Идея-фикс сегодняшнего человечества — обмануть всемогущую Цифру, выскочить из-под нее, стать еще свободнее, еще богаче, еще счастливее… Хоть анекдот сочиняй — для дружественной системы Центавра. Или персонально для Гребенщикова. Который часто улыбается, но редко смеется. И которому даже в славном городе Питере «в последнее время совершенно не с кем поговорить».
Ну что ему на это сказать? Что он сам себе выбрал такую карму?
— Так я и не жалуюсь… — грустно улыбается он в ответ.
Или напомнить ему, чем кончается диалог с Матрицей по его же любимому Гибсону? Всё веселей.
— Нет, — сказал он и размахнулся, его пальцы разжались и выпустили сюрикен. Вспышка серебра — и звёздочка вспорола поверхность настенного экрана. Экран ожил, по нему побежали разноцветные переливы, будто случайные мазки кисти. Экран словно корчился от боли.
— Ты мне не нужен, — сказал Кейс.
Или привезти загрустившему ниндзя именной сюрикен?
Так ведь на таможне отнимут.
У входа в отель висело несколько автосекретарей; их старые, печатающие с голоса устройства были заботливо завернуты в пластиковую пленку — свидетельство того, что письменность в этой стране еще имела какой-то вес.
Это была медлительная страна.
Такси несет нас по бетонным джунглям Синдзюку. Центральный Токио, как и всегда, напоминает огромную консервную банку, которую набили людьми пополам с иероглифами и хорошенько взболтали. Китайские скарабеи, тараканы хираганы-катаканы впиваются в зрачки, присасываются к мозжечку, вгрызаются в подсознание:
Какие фантазии, глюки и миражи вызывали во мне эти знаки лет двадцать назад, когда я не знал японского? Хоть убей не помню. Давно это было. С другой стороны — а кто из нас помнит, что означали буквы кириллицы и латиницы до того, как они стали буквами? Тоже ведь что-то конкретное изображали. Только мы с Западом о том забыли, а японцы с китайцами — нет…
— Митька, я понял! — вдруг осеняет Борю, пытливо изучающего пейзаж за окном. — Надо снимать японское анимэ по песням «Аквариума»!
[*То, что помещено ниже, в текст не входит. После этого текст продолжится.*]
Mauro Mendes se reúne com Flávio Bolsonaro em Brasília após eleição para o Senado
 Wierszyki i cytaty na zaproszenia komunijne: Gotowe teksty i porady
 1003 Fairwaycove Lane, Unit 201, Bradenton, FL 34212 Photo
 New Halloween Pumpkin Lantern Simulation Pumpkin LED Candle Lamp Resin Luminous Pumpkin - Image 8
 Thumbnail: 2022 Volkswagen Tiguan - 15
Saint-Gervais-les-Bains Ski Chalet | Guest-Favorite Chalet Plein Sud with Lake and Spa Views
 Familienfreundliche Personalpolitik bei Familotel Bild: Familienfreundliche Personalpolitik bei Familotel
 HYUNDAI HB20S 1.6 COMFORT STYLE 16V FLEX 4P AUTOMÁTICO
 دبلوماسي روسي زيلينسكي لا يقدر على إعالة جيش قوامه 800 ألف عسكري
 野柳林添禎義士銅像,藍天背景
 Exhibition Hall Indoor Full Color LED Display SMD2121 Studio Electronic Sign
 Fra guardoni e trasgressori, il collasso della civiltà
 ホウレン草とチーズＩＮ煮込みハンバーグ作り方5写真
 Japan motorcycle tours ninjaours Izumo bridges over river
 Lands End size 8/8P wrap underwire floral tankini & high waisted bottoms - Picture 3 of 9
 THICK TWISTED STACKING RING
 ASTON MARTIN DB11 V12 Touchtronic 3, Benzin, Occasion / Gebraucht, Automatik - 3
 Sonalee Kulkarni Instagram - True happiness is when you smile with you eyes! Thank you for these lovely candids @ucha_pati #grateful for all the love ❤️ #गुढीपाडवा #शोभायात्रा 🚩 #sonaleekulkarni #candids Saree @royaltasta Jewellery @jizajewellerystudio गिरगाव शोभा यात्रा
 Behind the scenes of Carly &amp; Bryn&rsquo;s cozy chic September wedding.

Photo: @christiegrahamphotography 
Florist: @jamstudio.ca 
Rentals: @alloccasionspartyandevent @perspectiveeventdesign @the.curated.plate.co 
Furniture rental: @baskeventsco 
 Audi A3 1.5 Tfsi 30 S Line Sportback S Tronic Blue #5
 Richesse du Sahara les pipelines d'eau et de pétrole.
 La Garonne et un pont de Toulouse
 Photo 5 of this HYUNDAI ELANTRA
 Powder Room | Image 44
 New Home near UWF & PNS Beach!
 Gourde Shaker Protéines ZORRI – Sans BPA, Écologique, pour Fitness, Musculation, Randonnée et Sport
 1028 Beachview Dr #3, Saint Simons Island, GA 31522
Я представляю себе «Ghost in the Shell» на слова «Козлодоева», и у меня плавно съезжает крыша. Гляжу на Гребенщикова — тот серьезен и строг. Перезагружаюсь. И пытаюсь представить «Фикус религиозный» в формате «Принцессы Мононокэ». Хм… А почему бы и нет?
— Тогда уж и мангу выпускать. В довесок к альбому, — осторожно фантазирую я. — Традиция такая: приличному мультику всегда комикс-версия полагается. Разумеется, того же художника.